▸ Work task:
Output begins at the line with "SP303 Heavyweight Oversized" and ends at the last line of the records below. Copy each line in that span exactly, and leave out pictures.

▸ Entries shown:
++++++++++

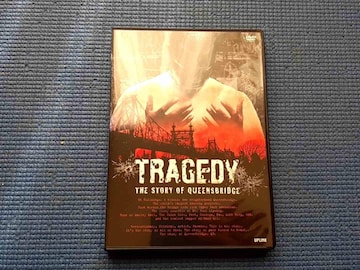 DVD TRAGEDY THE STORY OF QUEENSBRIDGE Tragedy Khadafi
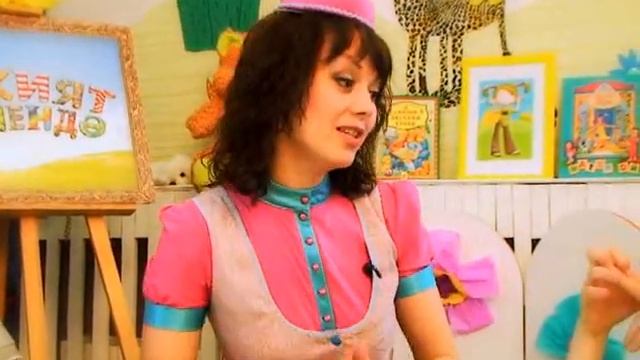 Дети изучают татарский язык - Балалар татарча өйрәнә. Әкият илендә. Цвета -Төсләр смотреть онлайн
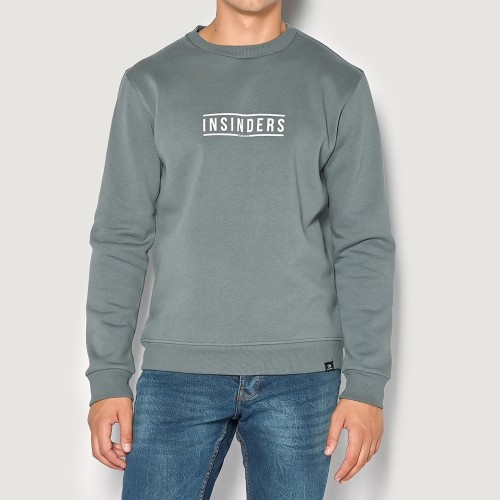 Unisex Φούτερ Μπλούζα με Λογότυπο CAMARO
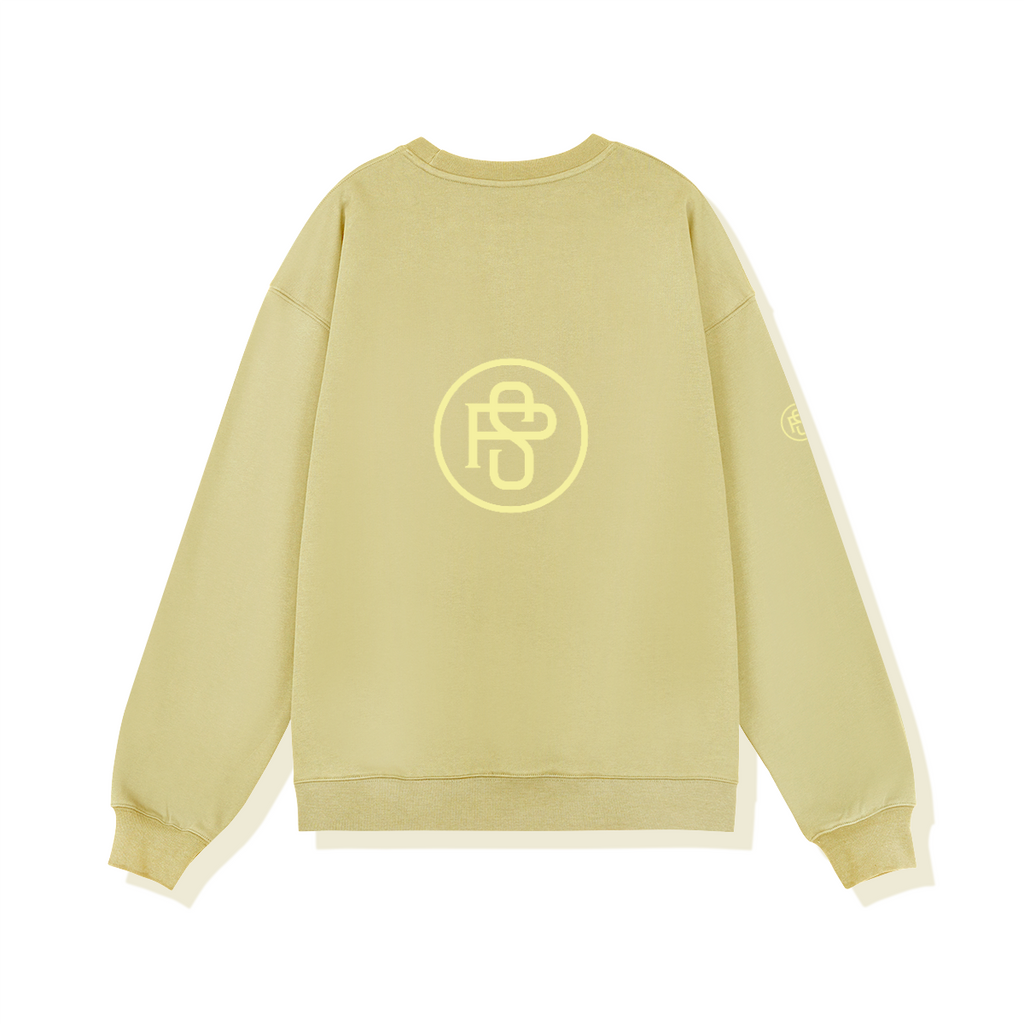 SP303 Heavyweight Oversized Sweatshirt(370 GSM)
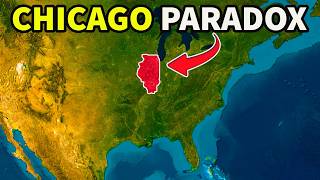 Chicago Paradox Why the More It Was Destroyed, the More Perfect It Became
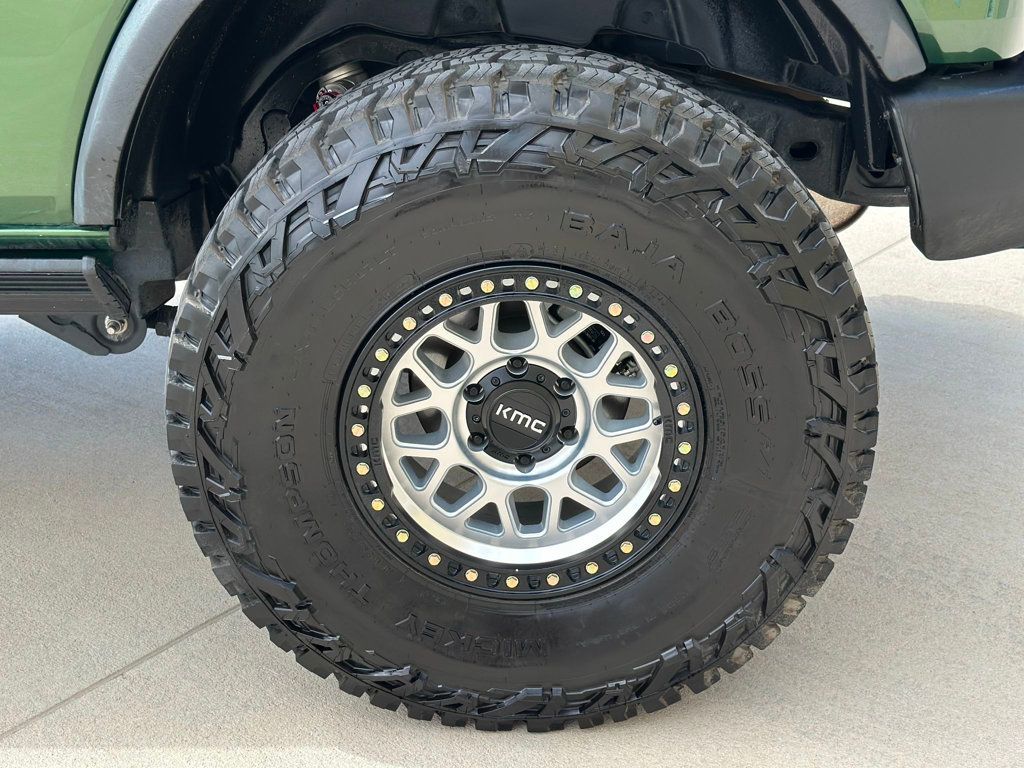 2023 Ford Bronco Big Bend 2 Door Advanced 4x4 - 22986331 - 27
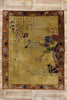 9 x 11 Antique Chinese Art Deco Rug 77625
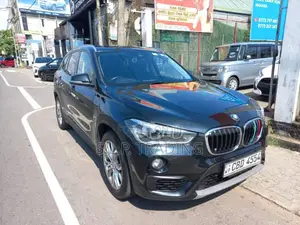 BMW X1 2018 SUV (Used)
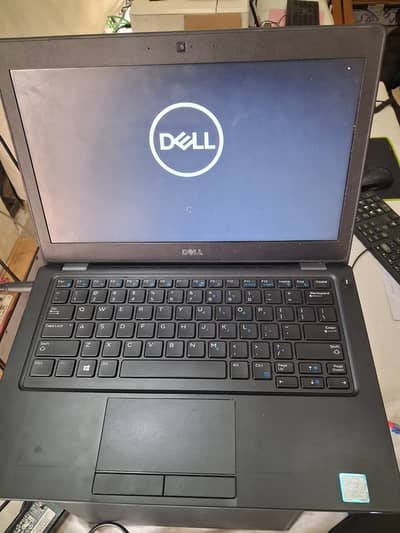 Dell Latitude 5280 - Intel Core i5-7300 (7th Gen)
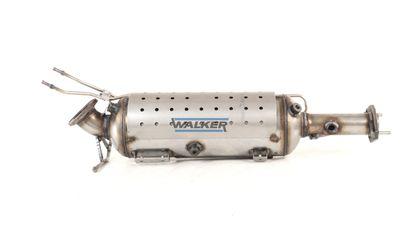 Dieselpartikelfilter - Sot-/partikelfilter, avgassystem WALKER 93050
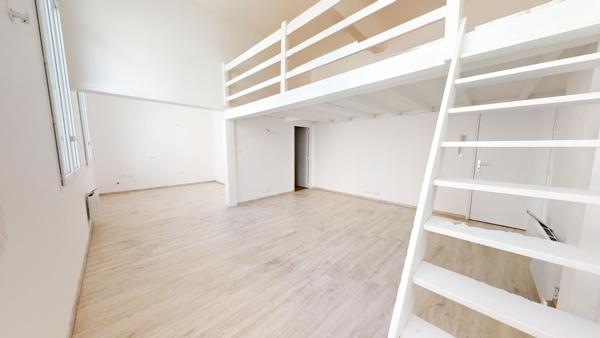 À vendre : Appartement intérieurs neuf à Royan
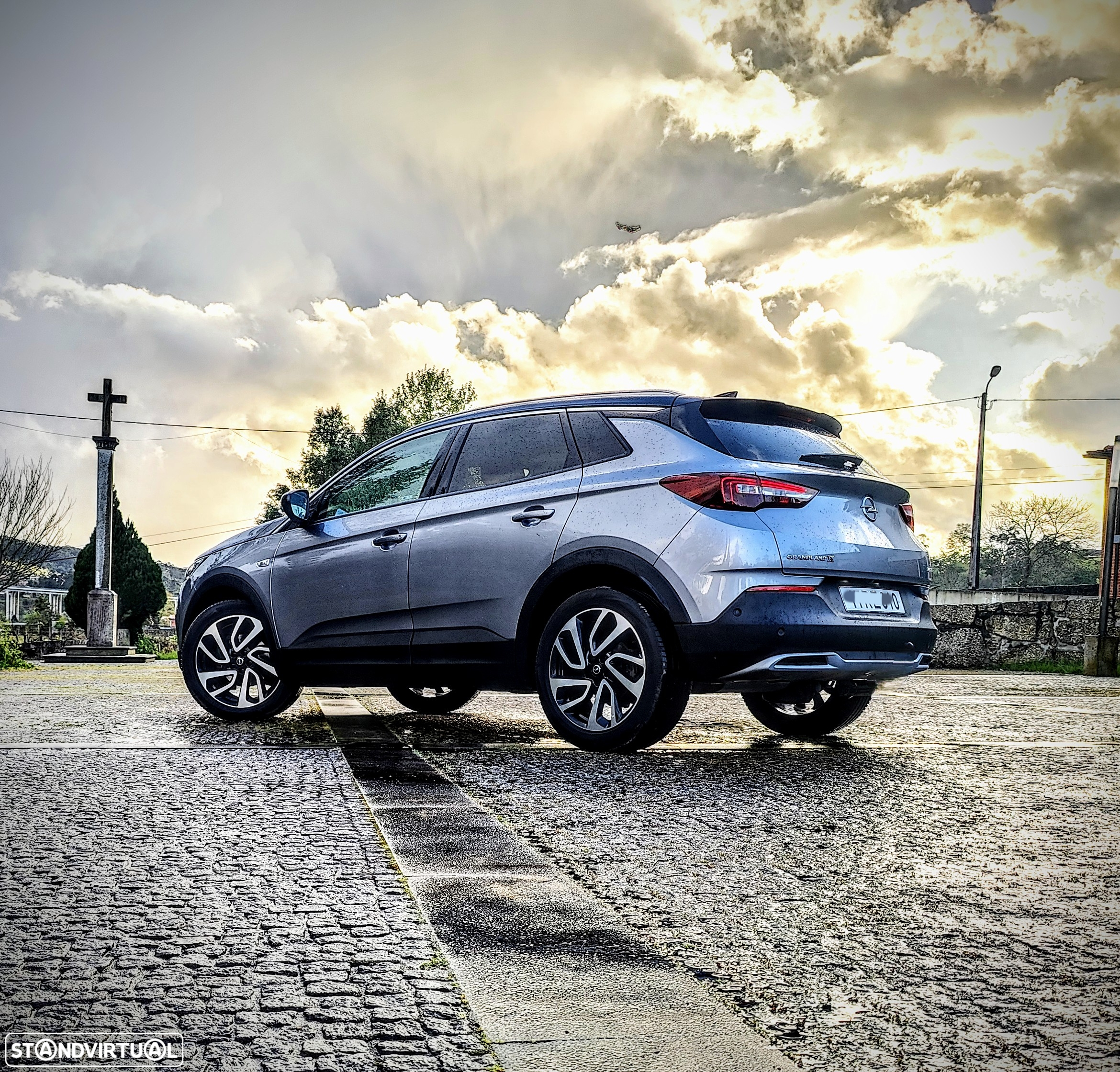Opel Grandland X 1.2 T Ultimate AT - 33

++++++++++

▸ Answer to this exercise:
 SP303 Heavyweight Oversized Sweatshirt(370 GSM)
 Chicago Paradox Why the More It Was Destroyed, the More Perfect It Became
 2023 Ford Bronco Big Bend 2 Door Advanced 4x4 - 22986331 - 27
 9 x 11 Antique Chinese Art Deco Rug 77625
 BMW X1 2018 SUV (Used)
 Dell Latitude 5280 - Intel Core i5-7300 (7th Gen)
 Dieselpartikelfilter - Sot-/partikelfilter, avgassystem WALKER 93050
 À vendre : Appartement intérieurs neuf à Royan
Opel Grandland X 1.2 T Ultimate AT - 33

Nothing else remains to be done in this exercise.